Most housing loans are set at a certain percentage above Sibor and a rising Sibor rate will equate to an increase in interest payments, said Mizuho Bank's senior economist Vishnu Varathan.
He said that because Sibor moves in tandem with United States interest rates, the US Federal Reserve's announcement last month that it would increase interest rates by 0.25 to 0.5 per cent will definitely affect Singapore's interest rates.
Mr Varathan predicted that Sibor will increase by about 0.75 to 1.25 per cent more than prevailing rates over the course of this year.
So what should home owners here know about the increase in Sibor and what can they do to mitigate it?
Sibor has been increasing gradually over the past year and the US Federal Reserve announcement has been a long time coming, said ECG Property chief executive Eric Cheng, 40.
Mr Cheng said that although home owners will be paying more for their loans and saving less, the interest rates are still fundamentally stable.
"It's a gradual and progressive increase in interest rates, so if you're a prudent investor and you have planned well, you'll be able to handle the increase," he said.
The increase in interest rates is a "normalisation and not a hike", said a spokesman from SRX Property .
"Interest rates have been very low for too many years, so this increase is actually allowing rates to go back to normal," he said.
LOOK FOR REFINANCING OR REPRICING ALTERNATIVES
Home owners should look for alternatives to their current home loan packages, said Mr Ong Kah Seng, director of property market research company R'ST Research.
"They should research and find alternatives and other resources," he said.
"It's good to know the options, because switching interest rate packages or refinancing might not always be the best choice.

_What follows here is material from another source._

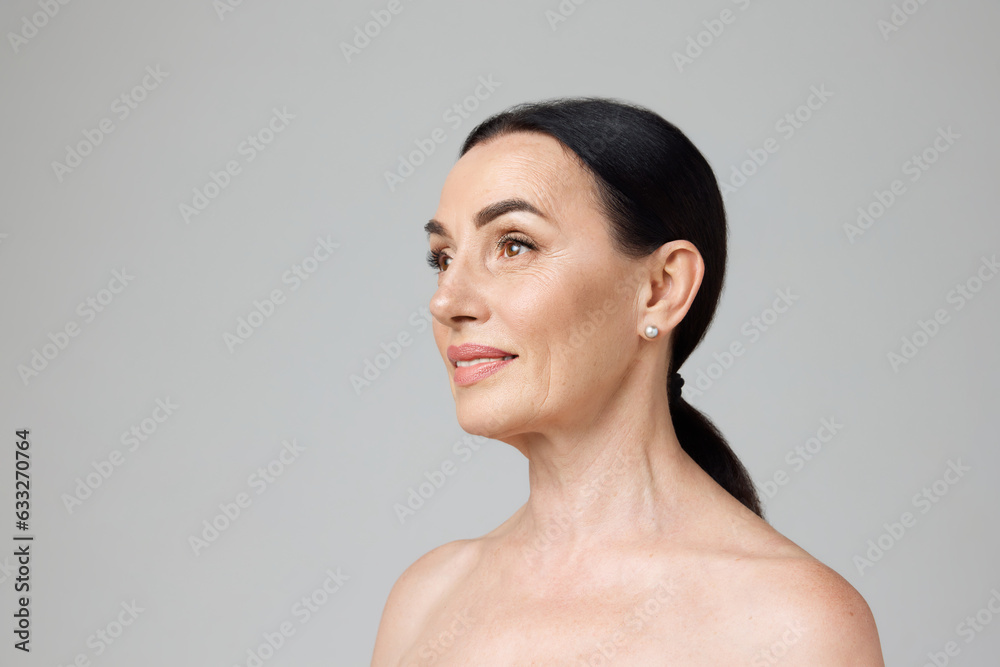 Profile photo smiling beautiful mature woman with bare shoulders ...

"Sometimes, sticking to their current loans will be better."
Mr Ong said that home owners should take this as a chance to become more informed about their loan options as "it's a danger to be a passive home owner".
DON'T INVEST BEYOND WHAT YOU CAN
Everyone will eventually be affected by the interest rate increase, but investors who do their numbers well won't be as severely affected.
"Those who are most affected by the Sibor increase are those heavily geared or invested in property," said Mr Cheng.
"They may have taken loans larger than what they can finance."
Property investment blogger and founder of Property Club Singapore, Ms Vina Ip, advised home owners to consider multiple factors of their property investments.
A combination of factors such as market oversupply, a lucklustre rental market and high vacancy rate can result in more mortgage defaults, she said.
To mitigate the increase in Sibor, investors with vacant properties should be more flexible.
With the dismal rental market, they should lower expectations for rental fees and tenants' profiles, said Mr Ong. Any rental can help negate the increase in Sibor.
He said: "Their top priority should be to get tenants to fill up the space for at least one or two years."